Preview Team Communication for Healthcare Professionals [PREVIEW] Team Communication for Healthcare Profes | Page 10

• Chapter 7 concentrates on the need for continuity when patient care and other responsibilities are transferred from person to person and / or team to team.
1.02 Teams in healthcare
Teamwork has been the subject of increasing relevance to the world of healthcare over the past century. The caricature from the old movies of the authoritarian male doctor who expected his minions to follow his every bidding has its roots in the reality of the times. In that era this apparently lone-operator held his own personal records of every patient in a single notebook which he kept private. Fast forward to the current era and …
… a third of patients have at least ten specialist physicians actively involved in their care by the last year of life, and probably a score more personnel, ranging from nurse practitioners and physician assistants to pharmacists and home medical aides.
Atul Gwande
All are working with the intention of providing coordinated care. One significant shift in this respect is that the patient’ s record should, in theory, be one document which is available to and updated by any clinician involved in their care.
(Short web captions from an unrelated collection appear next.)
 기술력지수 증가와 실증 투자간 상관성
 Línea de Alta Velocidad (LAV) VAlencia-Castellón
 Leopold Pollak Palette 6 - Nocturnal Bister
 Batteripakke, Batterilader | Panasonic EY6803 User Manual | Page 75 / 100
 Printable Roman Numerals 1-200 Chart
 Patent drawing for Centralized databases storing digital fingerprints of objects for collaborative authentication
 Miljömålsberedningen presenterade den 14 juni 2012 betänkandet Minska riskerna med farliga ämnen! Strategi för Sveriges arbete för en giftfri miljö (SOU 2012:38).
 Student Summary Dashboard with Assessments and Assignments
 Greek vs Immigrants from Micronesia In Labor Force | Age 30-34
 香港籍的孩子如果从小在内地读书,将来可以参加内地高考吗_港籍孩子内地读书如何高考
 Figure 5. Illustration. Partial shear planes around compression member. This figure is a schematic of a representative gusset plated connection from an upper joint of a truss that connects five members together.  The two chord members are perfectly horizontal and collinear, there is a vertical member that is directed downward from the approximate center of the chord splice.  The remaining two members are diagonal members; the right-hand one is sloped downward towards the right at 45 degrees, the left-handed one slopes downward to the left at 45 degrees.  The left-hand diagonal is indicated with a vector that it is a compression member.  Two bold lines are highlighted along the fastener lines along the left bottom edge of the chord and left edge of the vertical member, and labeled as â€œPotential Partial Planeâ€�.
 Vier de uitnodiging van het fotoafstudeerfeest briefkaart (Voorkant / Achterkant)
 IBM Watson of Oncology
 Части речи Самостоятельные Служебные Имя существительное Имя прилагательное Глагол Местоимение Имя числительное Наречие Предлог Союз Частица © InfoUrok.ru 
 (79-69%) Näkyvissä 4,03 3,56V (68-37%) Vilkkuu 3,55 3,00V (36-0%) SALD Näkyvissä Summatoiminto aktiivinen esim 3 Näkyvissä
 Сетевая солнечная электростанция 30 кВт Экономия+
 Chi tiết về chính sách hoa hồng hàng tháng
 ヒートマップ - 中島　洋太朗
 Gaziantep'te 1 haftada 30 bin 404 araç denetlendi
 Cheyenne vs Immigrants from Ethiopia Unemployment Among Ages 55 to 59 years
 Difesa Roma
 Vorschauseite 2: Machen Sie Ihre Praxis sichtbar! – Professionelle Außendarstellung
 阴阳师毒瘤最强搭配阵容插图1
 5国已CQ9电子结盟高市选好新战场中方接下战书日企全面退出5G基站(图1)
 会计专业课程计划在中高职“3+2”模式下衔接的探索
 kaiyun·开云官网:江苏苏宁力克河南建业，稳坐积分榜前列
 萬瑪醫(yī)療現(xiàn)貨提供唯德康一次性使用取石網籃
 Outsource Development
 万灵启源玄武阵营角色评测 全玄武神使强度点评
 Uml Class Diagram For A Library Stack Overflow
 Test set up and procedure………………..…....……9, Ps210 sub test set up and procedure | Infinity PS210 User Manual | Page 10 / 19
Theory and reality are often difficult to align.
There are many others involved in patient care: administrators, technicians, opticians and dieticians to name a few. In addition, pastoral care can be of high importance to some patients and takes many forms for the culturally diverse patient population. There are separate wards and departments; separate buildings for hospitals, clinics and practices. There are people working in different health authorities and organisations. There are hierarchical teams within these specialties, disciplines and organisations. Then there are multidisciplinary teams. Some teams are formal and some informal. Some established with long-term intentions. Some are transient – lasting only as long as it takes to work together to manage an acute patient emergency.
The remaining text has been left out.